MATERIAL SUPPLIED ->
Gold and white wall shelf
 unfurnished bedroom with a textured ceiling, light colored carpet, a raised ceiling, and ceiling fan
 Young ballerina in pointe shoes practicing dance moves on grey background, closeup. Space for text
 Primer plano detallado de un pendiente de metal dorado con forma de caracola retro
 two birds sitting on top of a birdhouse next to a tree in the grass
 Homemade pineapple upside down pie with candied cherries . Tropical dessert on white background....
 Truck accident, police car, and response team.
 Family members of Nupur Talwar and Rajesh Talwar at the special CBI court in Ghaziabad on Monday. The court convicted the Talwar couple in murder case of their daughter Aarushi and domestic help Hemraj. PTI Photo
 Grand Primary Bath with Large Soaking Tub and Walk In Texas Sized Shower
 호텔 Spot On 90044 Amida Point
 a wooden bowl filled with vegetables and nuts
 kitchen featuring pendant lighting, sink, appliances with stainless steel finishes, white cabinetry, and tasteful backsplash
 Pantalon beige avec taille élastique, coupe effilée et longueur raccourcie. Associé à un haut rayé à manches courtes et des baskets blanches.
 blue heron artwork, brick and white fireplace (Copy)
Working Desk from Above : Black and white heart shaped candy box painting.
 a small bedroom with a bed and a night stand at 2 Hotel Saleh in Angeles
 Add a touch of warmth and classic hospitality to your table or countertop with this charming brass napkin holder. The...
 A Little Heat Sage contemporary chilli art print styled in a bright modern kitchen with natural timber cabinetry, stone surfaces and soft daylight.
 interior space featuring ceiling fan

INSTRUCTIONS TO FOLLOW ->
Copy the records above exactly, from the first line through the line containing "two birds sitting", and include nothing else.

RESPONSE AREA ->
Gold and white wall shelf
 unfurnished bedroom with a textured ceiling, light colored carpet, a raised ceiling, and ceiling fan
 Young ballerina in pointe shoes practicing dance moves on grey background, closeup. Space for text
 Primer plano detallado de un pendiente de metal dorado con forma de caracola retro
 two birds sitting on top of a birdhouse next to a tree in the grass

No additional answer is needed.